The property, of course, remains that of your clients but certain rights still remain in favour of P and S Platt Limited and which passed to our clients by virtue of the transfer of 14th September, 2001, both under Section 62 of the Law of Property Act 1925 and under the Rule in Wheeldon v. Burrows. The transfer, of course, was a disposition to our clients from property previously in one ownership and where under Section 62 our clients were entitled to all quasi easements, advantages and accommodation which benefited the quasi dominant tenement unless a contrary intention had been expressed in the conveyance to our clients. No such contrary intention was expressed.
Under Wheeldon v. Burrows there also passed those rights and advantages which have been continuous, apparent and reasonably necessary for the enjoyment and convenience of the property transferred.
The mooring posts were marked for the benefit of The Petersfield House Hotel.

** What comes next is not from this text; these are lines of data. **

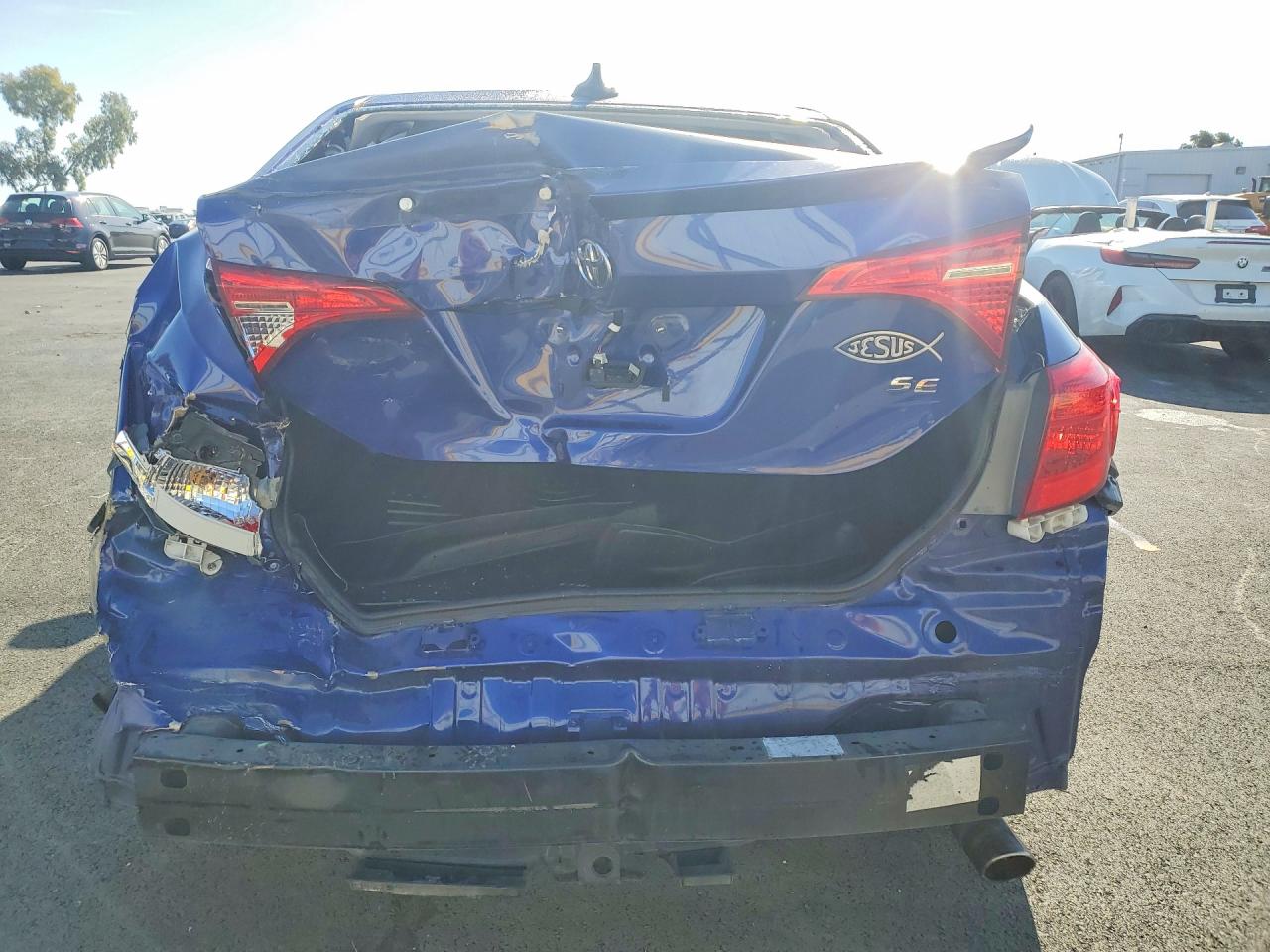 2017 TOYOTA COROLLA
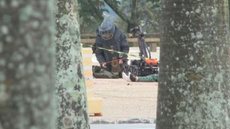 Após término de varredura, corpo de homem-bomba é periciado em frente ao STF - Imagem: Reprodução / TV Globo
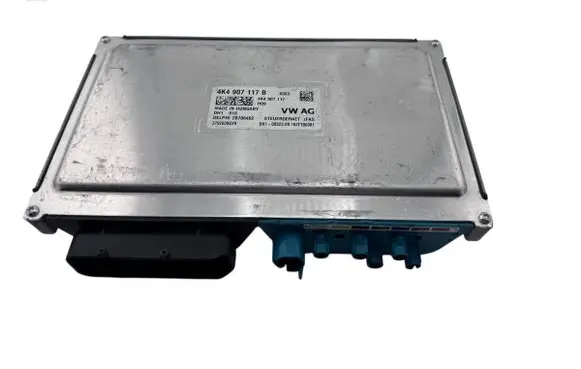 Porsche Taycan 9J1 Camera control unit module 4K4907117B 4K4907111A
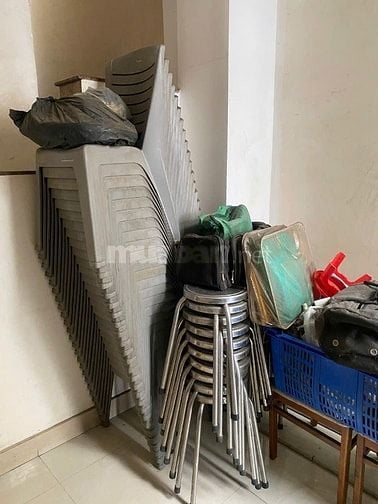 Thanh lý gấp tủ quần áo gỗ gõ bao bền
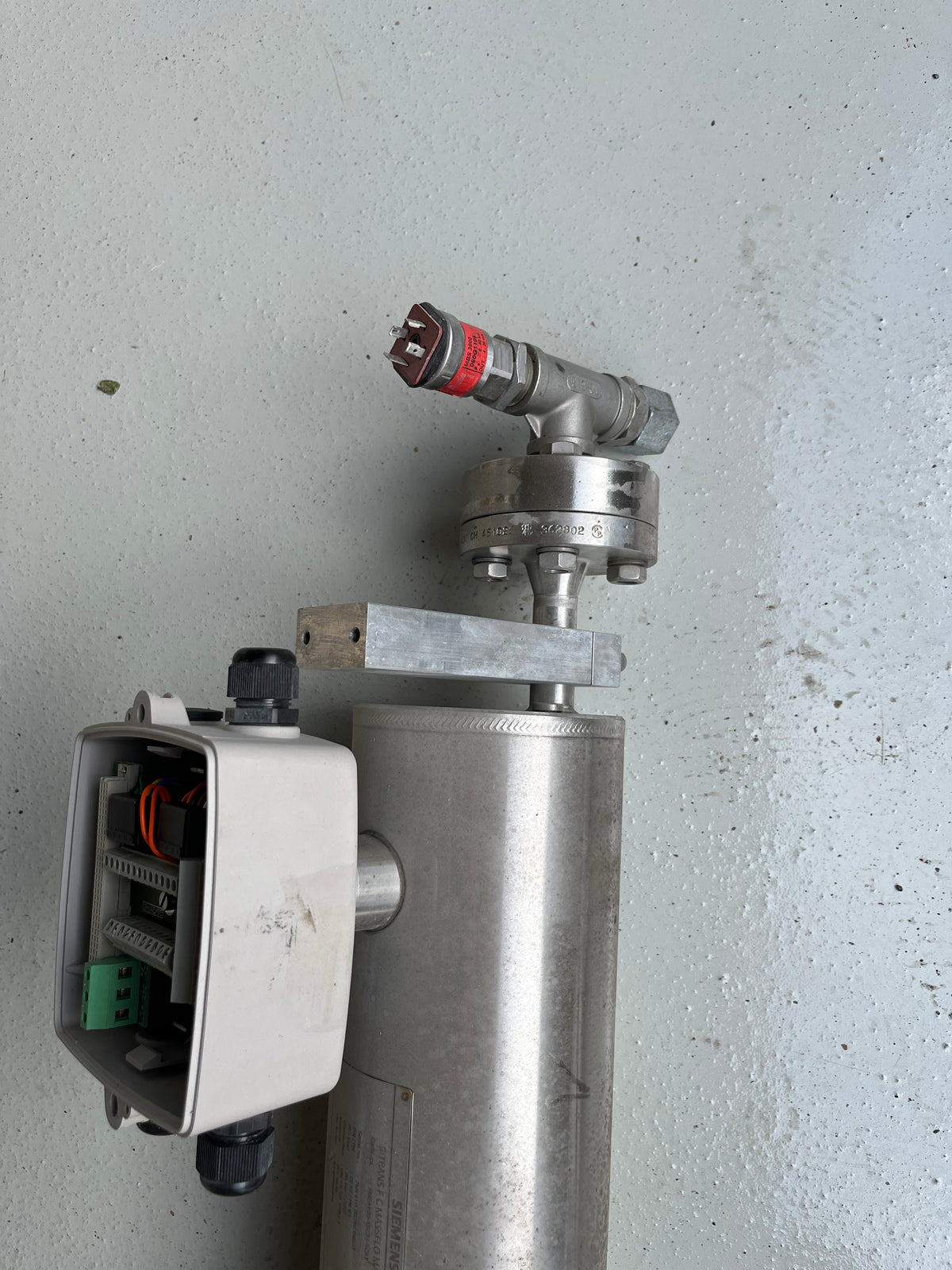Siemens SITRANS F C MASSFLO MASS 2100 7ME4100-1EC21-1CA1 DN15 PN40 Flowmeter Used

The advertising board was clearly for the benefit of the Hotel and not the retained land. These were, therefore, accommodations attaching to the quasi dominant tenant and passing under Section 62.
These easements have also been continuous and very much apparent and reasonably necessary for the enjoyment and convenience of the Hotel bearing in mind that it is a Hotel close to the Norfolk Broads for the benefit of the people visiting the Broads. Moreover, the website of the Hotel which had been designed by your clients had included the private moorings as being one of the Hotel's facilities.
Since the completion of the purchase, our clients have continued to exercise those rights. Had they completed the purchase of the option, those rights would have been extinguished by unity of seisin. The fact that our clients have not exercised the option leaves the rights that have continued since purchase, to continue in perpetuity.
Added to those rights, of course, is the right of access to the moorings and the advertising site.
Our clients, therefore, have a legal easement which is also being registered at the Land Charges Registry. "
The relief sought in this action
"At the time of the Transfer [of the Hotel to the Company] there was appertaining to or reputed to be appertaining to or enjoyed with or reputed or known as part or parcel of or appurtenant to the land thereby transferred the following:-
(i) The right for the Hotel's residents or customers (or prospective residents or customers) to moor boats at the location of the 3 moorings marked A, B and C on Plan B annexed hereto ("the Plan");
(ii) The right to locate and display 3 mooring signs (naming the Hotel) at the 3 moorings marked A, B and C on the Plan B.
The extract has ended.